__Description of the task__
Starting with the line that holds "Crystal Beaded Watch", reproduce each line through the last one of the data, exactly as written. Pictures are not copied.

__Task inputs__

######

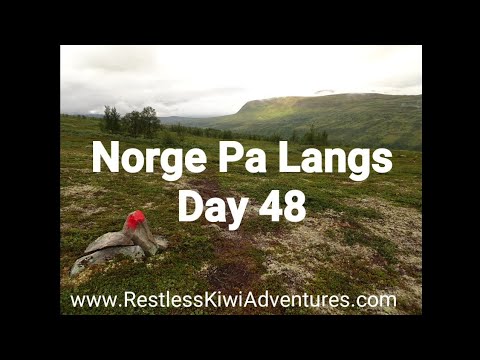 Thru Hiking Norway on Norge Pa Langs Trail - Day 48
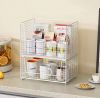 Cup storage rack, table shelf, coffee cup, coffee cup, mug, dining table, water bar, glass cup shelf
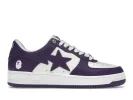 A Bathing Ape Bape Sta White Purple (2022) sold by Addict Sneakers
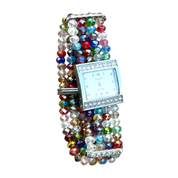 Crystal Beaded Watch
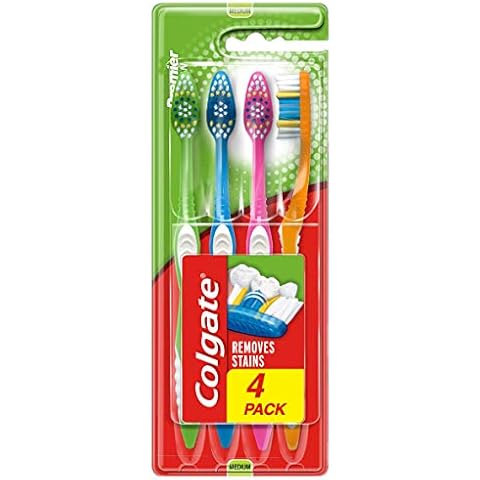 Colgate Premier Clean Toothbrush 4 Pack Cover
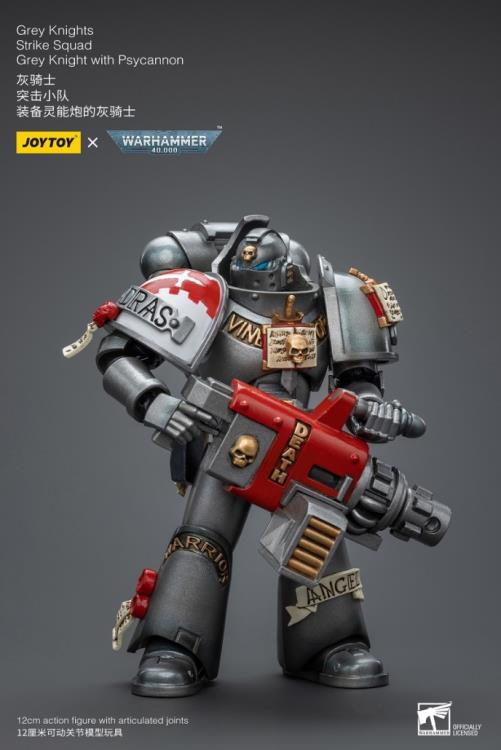 (Pre-Order) Warhammer 40K Grey Knights Strike Squad Grey Knight with Psycannon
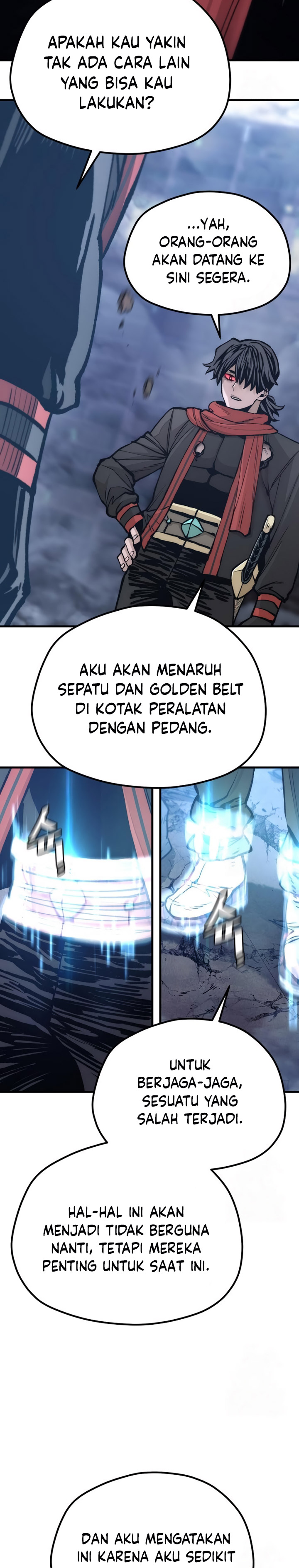 Heavenly Demon Cultivation Simulation Chapter 127 Gambar 27
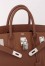 Hermes Birkin HAC 40 Coup de Soleil Bag in Gold Clemence Leather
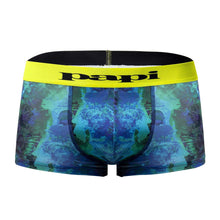 Load image into Gallery viewer, Papi UMPA050 Fashion Microflex Brazilian Trunks Color Ocean Multi Print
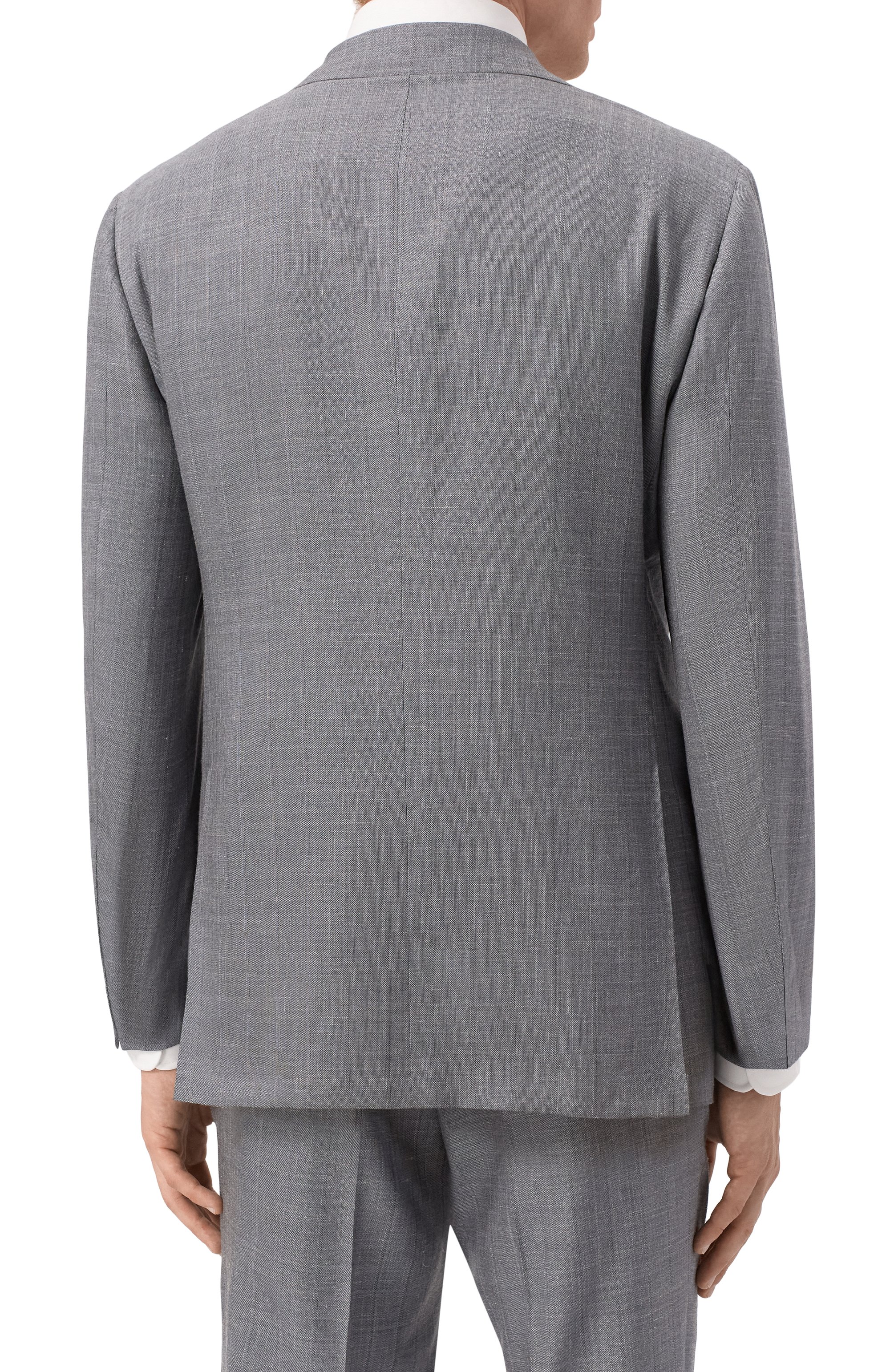 Костюм из кашемира и шелка KITON, арт. UA81K0600E15, фото 5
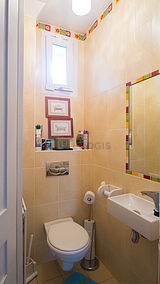 Wohnung Paris 10° - WC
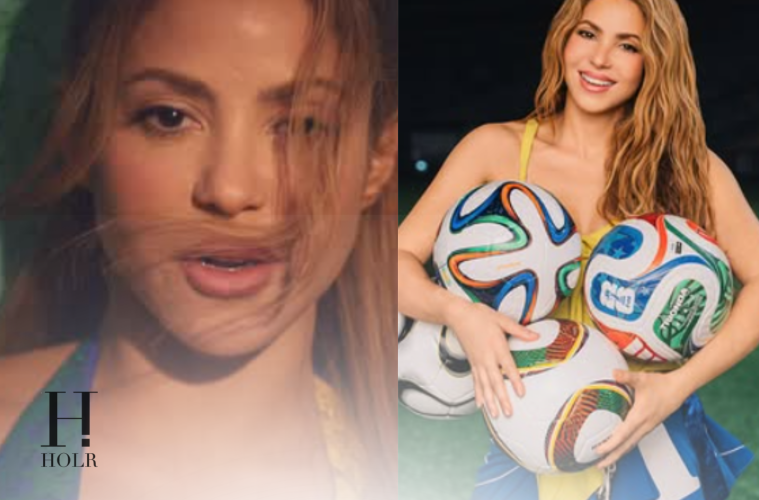 Shakira Teases New FIFA World Cup 2026 Project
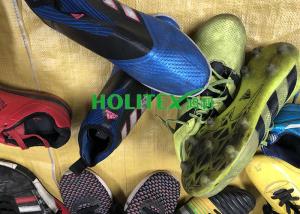 China East Africa Used Athletic Shoes , Big Size Male Second Hand Soccer Shoes wholesale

######

__Result of the exercise__
 Crystal Beaded Watch
 Colgate Premier Clean Toothbrush 4 Pack Cover
 (Pre-Order) Warhammer 40K Grey Knights Strike Squad Grey Knight with Psycannon
 Heavenly Demon Cultivation Simulation Chapter 127 Gambar 27
 Hermes Birkin HAC 40 Coup de Soleil Bag in Gold Clemence Leather
 Load image into Gallery viewer, Papi UMPA050 Fashion Microflex Brazilian Trunks Color Ocean Multi Print
 Костюм из кашемира и шелка KITON, арт. UA81K0600E15, фото 5
 Wohnung Paris 10° - WC
 Shakira Teases New FIFA World Cup 2026 Project
 China East Africa Used Athletic Shoes , Big Size Male Second Hand Soccer Shoes wholesale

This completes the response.